Before my brain injury, I created a vision of what would be a perfect life when we moved to the USVI. My life on the island looked nothing like that vision I had in Alaska in 2011, hahaha. But what is wild and makes me feel aligned is that I am living that life right now! I wanted a job that pays me a decent wage, that used my brain and didn’t leave me bored, while also giving me time and freedom to enjoy my life. My current public accounting role is exactly that, and I am grateful. I work hard during the cold months of the year, and significantly less the rest of the year. My annual hours are still full time, even though I work about 26-30 hours each week outside of tax season.
That free time outside of tax season has been filled with the rest of my passions I dreamed of pursuing. I have a home that I love and do work to make it well always taken care for my family. I have a garden that keeps on expanding each year, which brings me joy and uses my mind. I have volunteered nearly 4 work weeks’ worth of time, not including my service on boards, this year with different organizations. 8 years ago, I had a goal to one day serve on a board of directors. I am currently on 2 different boards.

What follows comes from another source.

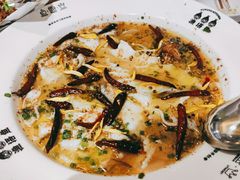 -渔语鱼新川菜Bistro(万象天地店)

I run a virtual wellness gym. I have turned my health around 180 degrees since my brain injury. I am the strongest I have ever been in my life. I quit smoking 6 years ago, and that was something I never thought possible from 19-30 years old. This year I also felt called to get myself back into reading fiction books and memoirs. Damn am I glad I listened to that gut request! My biggest shocking hobby startup for me this year is the purchasing and playing Harry Potter Legacy. I have not allowed myself the time to binge play games in well over a decade, and it feels pretty dang good.

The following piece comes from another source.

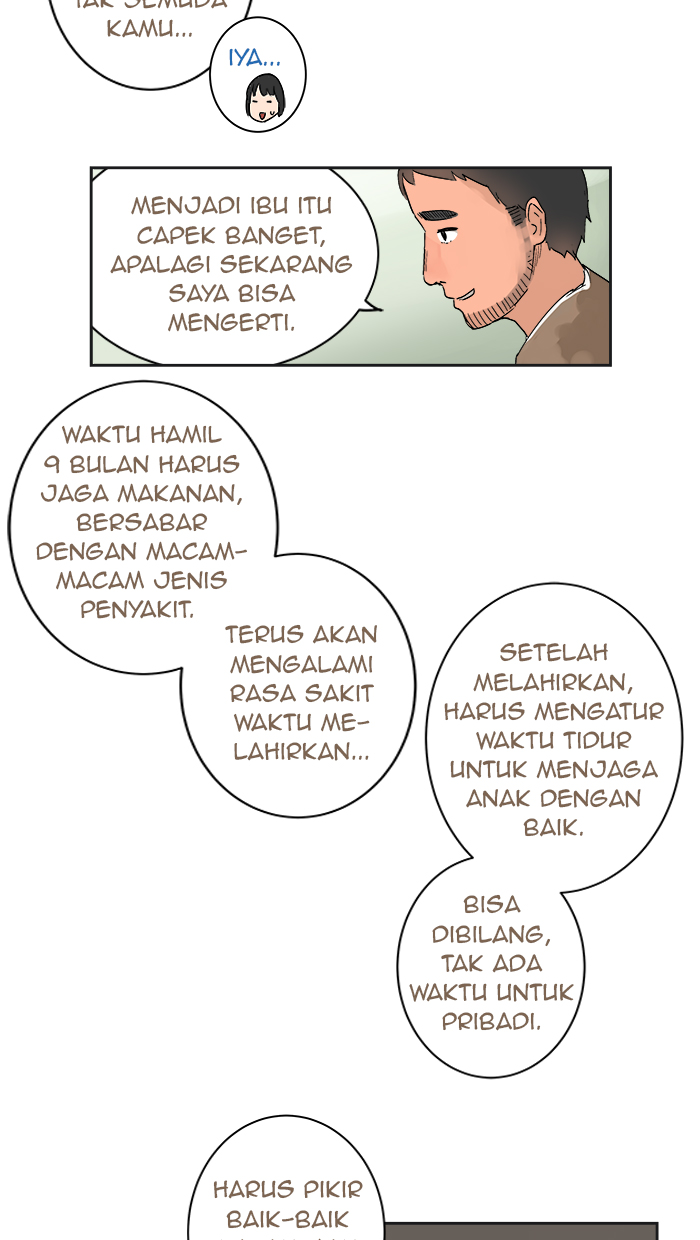 Young Mom chapter 17 halaman 39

Is my life exactly where I want it to be right now? No. Is every relationship in my life perfect and flowing with unconditional love? No. Does that mean my life sucks right now? Absolutely not! Overcoming adversity has become kind of my thing, and I am learning to embrace the growth. The past 10 years I have found myself, and I love me. I have strengthened my marriage and my relationship with my son. I have manifested my career path, which brings me joy. I serve my community, and that also brings me joy. I also have healthy hobbies that I do guilt free. I need way more time to express how guilt free hobbies are a huge growth for me. I once prayed to be where I am right now, and I am grateful that I did.